San Juan, Puerto Rico, Feb. 18

In the last week, thousands of teachers across the archipelago have been striking to demand higher wages, improved working conditions and better pensions. With the current base pay for teachers being $1,750 a month, the Federación de Maestros de Puerto Rico (FMPR) is demanding an increase of $4,000 a month.

These mass protests have resulted in colonial Gov. Pedro Pierluisi, the former lawyer for the Fiscal Oversight Control Board, making an announcement of a temporary salary increase of $1,000 to teachers starting in July, ignoring the other demands such as an increase in pensions.
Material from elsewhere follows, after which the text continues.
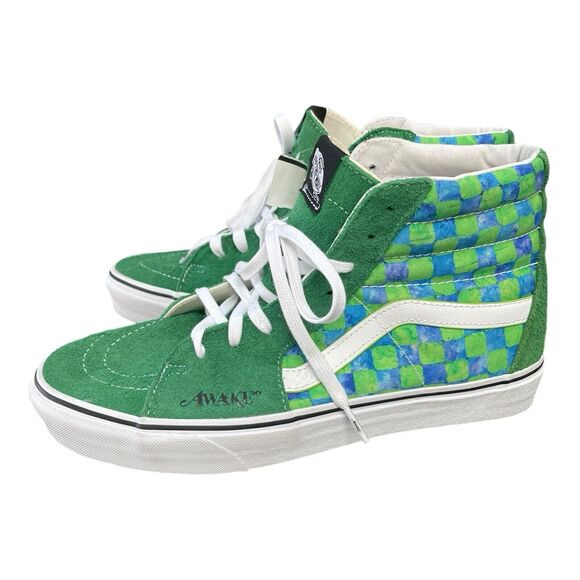 VANS SK8-HI AWAKE NY GREEN‎ SUEDE WHITE BLUE RED CHECKERBOARD SKATE sz 10 - Picture 2 of 8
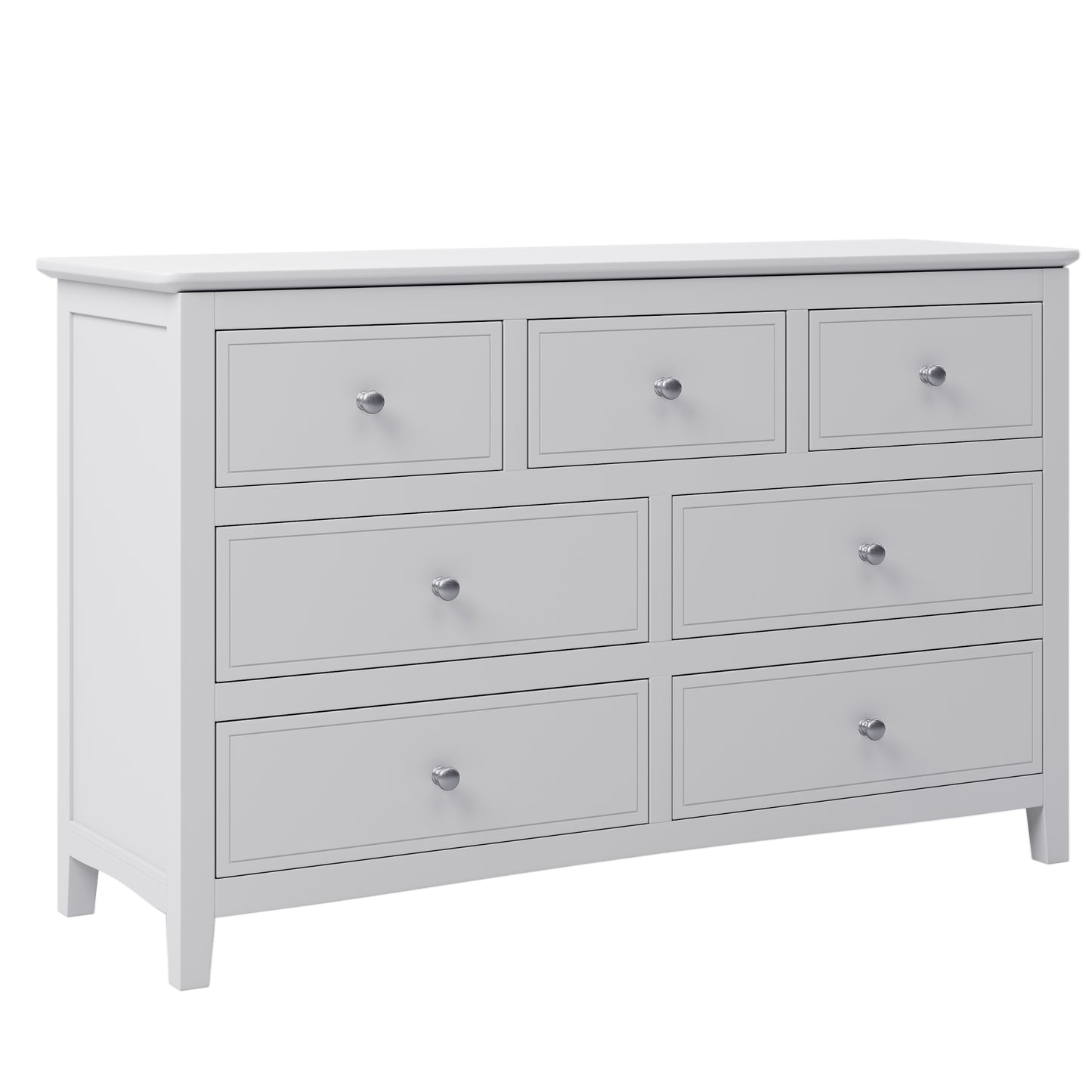 White Solid Wood 5 Pieces Queen Bedroom Sets(bed+nightstand*2+chest+dresser)old sku:BS515101AAK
This announcement was a weak attempt to quell ongoing protests from happening.

The Magisterio and other organizations in Puerto Rico have rejected this announcement and have continued their strike. At this point in time, multiple other workers are on strike, including firefighters, restaurant workers and nurses, among many others.

The economic hardship that teachers and other public sector workers are facing is in stark contrast to the lucrative tax benefits and financial gains enjoyed by Act 60 beneficiaries. Though the Act 60 tax incentives have existed in Puerto Rico since 2012 (then known as Act 20/22), the rise of cryptocurrency, as well as the ongoing debt crisis, has made the island attractive to wealthy foreign investors eager to reap the benefits of these tax exemptions and turn Puerto Rico into a crypto hub. Act 60 provides millions of dollars in tax exemptions to eligible investors and businesses.

These tax exemptions are not available to longtime residents on the island. Economists and studies have indicated that these incentives fail to provide meaningful economic growth in Puerto Rico, instead rapidly accelerating gentrification and displacement of locals in the archipelago.

Norma Perez from Call to Action on Puerto Rico states: “Our coalition intends to show what is happening with our families on the Island. Some of us were displaced because the economic crisis in Puerto Rico started more than 20 years ago. With these laws, more Puerto Ricans will be expelled.”

Cyn Rodriguez, spokesperson from Colectiva Solidaridad, highlights that Puerto Ricans, both in the Diaspora and on the archipelago, are ready and mobilized against the tide of Act 60 beneficiaries and in support of workers: “While the Puerto Rican government is intent on selling the island to the highest bidder, we recognize that the stakes are too high. We’re going to lose Puerto Rico if we don’t repeal these Act 60 tax benefits.

“It is time for Puerto Rican anti-imperialist organizations (both on the Island and in the Diaspora) to mount an aggressive campaign to repeal the tax benefits, return lands to the Puerto Rican people and fight for the independence of Puerto Rico!”

Puerto Rico is not for sale! Independence for Puerto Rico!